Tica, Antoaneta (ROM)
Loom of Life
Antoaneta Tica is a Lecturer in the Fashion Department at the National University of Arts, Bucharest. She creates mainly by transforming various recycled materials (plastic, paper, textiles), otherwise discarded in the field.
As an accomplished wearable art practitioner, Antoaneta is particularly attracted to how the garment can convey the messages impregnated in it by both creator and performer. In her opinion, art and life are interconnected and go together with the same common denominator - movement as progress. “Movement is the central element of human existence and the body is the engine.”
The themes examined in the works, therefore, are always related to the living world, nature or environmental concepts, or they represent allegorical characters that embody elements threatening to life on Earth.
This is the third time Antoaneta has been a finalist in Paper on Skin.
This work is inspired by the reformer Henry Ward Beecher’s quote: “We sleep, but the loom of life never stops, and the pattern which was weaving when the sun went down is weaving when it comes up in the morning.”
Loom of Life is closely relation with the Moirae, the goddesses of Fate and the personification of destiny. The garment has interconnected temporal loops created through weaving, a technique used for generations, therefore a symbol of both life and time.
The paper has its original colour, no paint was used except for the golden areas. The net is created from magazine paper and has approximately 600 meters of hand-spun and braided thread. The approximately 500 polka dots are created from egg cartons and have the original blue colour, only the glitter was added later.
The loops will be woven from paper threads from advertising magazines, then attached to rigid pieces of papier-mâché made from egg cartons.

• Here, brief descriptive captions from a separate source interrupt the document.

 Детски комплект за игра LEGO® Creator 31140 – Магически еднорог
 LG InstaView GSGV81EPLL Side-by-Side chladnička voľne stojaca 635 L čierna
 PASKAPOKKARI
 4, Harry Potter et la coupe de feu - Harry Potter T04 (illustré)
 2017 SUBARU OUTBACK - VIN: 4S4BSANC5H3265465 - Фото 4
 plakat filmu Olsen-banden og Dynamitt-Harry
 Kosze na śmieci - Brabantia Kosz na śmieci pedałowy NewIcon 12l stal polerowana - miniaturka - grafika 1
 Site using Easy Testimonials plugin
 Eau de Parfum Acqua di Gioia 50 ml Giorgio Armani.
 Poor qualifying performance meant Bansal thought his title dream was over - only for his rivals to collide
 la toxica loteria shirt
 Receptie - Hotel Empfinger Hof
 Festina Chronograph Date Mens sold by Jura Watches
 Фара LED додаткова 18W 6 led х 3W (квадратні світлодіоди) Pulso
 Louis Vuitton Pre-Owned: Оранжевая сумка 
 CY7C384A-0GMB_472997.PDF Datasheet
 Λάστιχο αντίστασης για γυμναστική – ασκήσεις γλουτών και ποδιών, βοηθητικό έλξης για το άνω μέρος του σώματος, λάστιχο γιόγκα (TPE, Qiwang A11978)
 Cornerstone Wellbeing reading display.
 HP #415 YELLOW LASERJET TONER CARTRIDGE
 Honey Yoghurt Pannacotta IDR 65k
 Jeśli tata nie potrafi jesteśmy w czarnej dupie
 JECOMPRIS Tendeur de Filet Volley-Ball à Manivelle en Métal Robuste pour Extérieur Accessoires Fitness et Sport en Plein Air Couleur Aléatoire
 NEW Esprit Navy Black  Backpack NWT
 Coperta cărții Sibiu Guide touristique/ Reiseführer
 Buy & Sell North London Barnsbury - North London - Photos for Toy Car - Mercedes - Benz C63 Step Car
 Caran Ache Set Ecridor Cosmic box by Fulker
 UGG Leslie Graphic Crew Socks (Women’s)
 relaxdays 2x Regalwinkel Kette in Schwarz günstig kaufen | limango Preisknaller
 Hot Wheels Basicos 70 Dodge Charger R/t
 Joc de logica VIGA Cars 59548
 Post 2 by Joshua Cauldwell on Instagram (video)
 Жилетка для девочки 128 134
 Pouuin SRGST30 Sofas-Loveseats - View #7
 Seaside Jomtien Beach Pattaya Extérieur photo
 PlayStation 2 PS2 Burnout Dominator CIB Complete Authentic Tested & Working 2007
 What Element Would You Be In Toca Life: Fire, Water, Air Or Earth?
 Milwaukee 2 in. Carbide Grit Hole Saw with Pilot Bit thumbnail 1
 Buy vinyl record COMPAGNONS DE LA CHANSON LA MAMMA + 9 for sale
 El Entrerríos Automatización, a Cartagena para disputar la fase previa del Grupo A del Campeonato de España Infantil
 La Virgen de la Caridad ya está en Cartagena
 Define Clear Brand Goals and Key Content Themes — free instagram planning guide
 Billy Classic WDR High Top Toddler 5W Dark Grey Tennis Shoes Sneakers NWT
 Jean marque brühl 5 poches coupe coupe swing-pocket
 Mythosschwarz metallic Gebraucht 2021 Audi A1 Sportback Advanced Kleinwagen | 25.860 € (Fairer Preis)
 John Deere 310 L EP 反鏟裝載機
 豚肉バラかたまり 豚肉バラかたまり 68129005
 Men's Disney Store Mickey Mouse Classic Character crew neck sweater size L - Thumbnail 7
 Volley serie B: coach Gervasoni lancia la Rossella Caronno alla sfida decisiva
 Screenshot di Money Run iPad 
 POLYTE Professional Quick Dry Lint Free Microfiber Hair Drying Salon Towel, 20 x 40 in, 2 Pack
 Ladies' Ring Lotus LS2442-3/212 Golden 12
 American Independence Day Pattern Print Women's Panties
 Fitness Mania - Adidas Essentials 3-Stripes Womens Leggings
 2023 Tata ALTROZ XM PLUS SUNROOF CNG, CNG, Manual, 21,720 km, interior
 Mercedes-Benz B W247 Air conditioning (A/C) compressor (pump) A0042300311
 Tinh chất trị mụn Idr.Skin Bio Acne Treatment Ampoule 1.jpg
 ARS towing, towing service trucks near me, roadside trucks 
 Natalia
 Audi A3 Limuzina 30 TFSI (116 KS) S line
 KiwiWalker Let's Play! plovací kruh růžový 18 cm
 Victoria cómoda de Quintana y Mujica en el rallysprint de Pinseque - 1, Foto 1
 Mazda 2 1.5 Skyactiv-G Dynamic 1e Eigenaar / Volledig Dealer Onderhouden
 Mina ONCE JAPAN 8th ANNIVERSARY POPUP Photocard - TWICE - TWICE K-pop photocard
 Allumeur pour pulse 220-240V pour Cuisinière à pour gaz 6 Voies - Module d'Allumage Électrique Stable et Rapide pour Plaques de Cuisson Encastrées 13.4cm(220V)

The pieces of papier-mâché can be fixed to the body in different ways, thus obtaining several compositions that refer to the different way in which everyone perceives the world, time and their own life, as well as our ability to decide and change our own destiny.
About 500 hours of work were needed to create the entire costume.
materials
Advertising magazines, egg cartons, glitter, gold paint for the decorations.
Additional (non-paper) - silk paper and fishing line for the thread core.